Fourth, Peter begins to sink in the water because he took his eyes off of Jesus. Everyone points this out. Everyone says this is where Peter failed. This is where I think we fail too. The change is upon us as leaders. We step out in faith to be a part of what God is doing, but then we begin to realize that there are a lot of things that need to be done. We realize that the effort and the energy necessary to make the change work is extraordinary. We start looking at the waves crashing against us. Satan whispers to us, "you can't do it." We start believing it. We get stressed out because we see all the reasons we shouldn't be going through this change. We hear from those around us, who have been in the church a long time, and we listen more to them than the voice of Jesus upon our lives. All of this culminates in our sinking. We take our eyes off of the master and we go under.
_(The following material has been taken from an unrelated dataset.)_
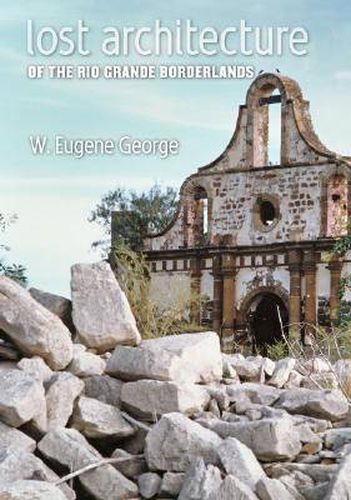 Cover image for Lost Architecture of the Rio Grande Borderlands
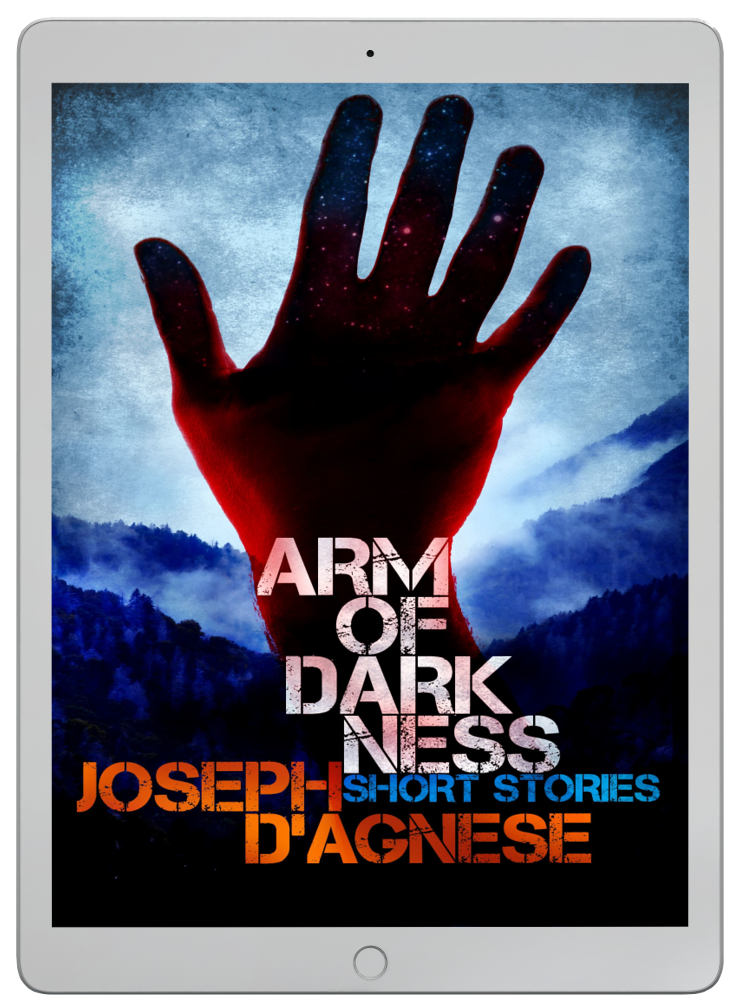 'Arm of Darkness' by Joseph D'Agnese Arm of Darkness book cover, featuring a dark, mountainous landscape with a shadowy, spectral hand reaching from the night sky, representing a collection of six short horror stories about demonic bargains and terror.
Fifth, the good news is that Jesus is there and his hand is always extended. He is ready to rescue us from ourselves. He is ready to right the ship, calm the storm, and give us everything we need to persevere. Jesus wants us to succeed in the work that he has called us to be about as leaders. I think he is ready to lighten the load if necessary, but I believe that this lessens what it is that God is seeking to do through us. If everything is smooth and easy and we succeed, then we can take the credit. But if we can stand firm in the midst of the storm, then we can only point to God as the one who made us successful.

Finally, the disciples who stayed in the boat proclaimed, "Truly you are the Son of God." When Jesus moves in our lives in an authentic way, people around us will know that he is God and we are not. Sometimes it is even in our failure that others can see who God truly is and be drawn to him.What would happen if we as leaders decided to get out of the boat and to never take our eyes off of Jesus?

Wednesday, October 5, 2005

Vision Leaks

One of the prophets of old, Nehemiah, received a vision from God to rebuild the wall around Jerusalem. About half way through the process, the people lost sight of the vision. It says in Nehemiah 4:10, "The strength of the laborers is giving out." This didn't just mean their physical strength, but also their resolve to follow the vision God had given through Nehemiah. So Nehemiah recast the vision in verse 14, "Remember the Lord, who is great and awesome."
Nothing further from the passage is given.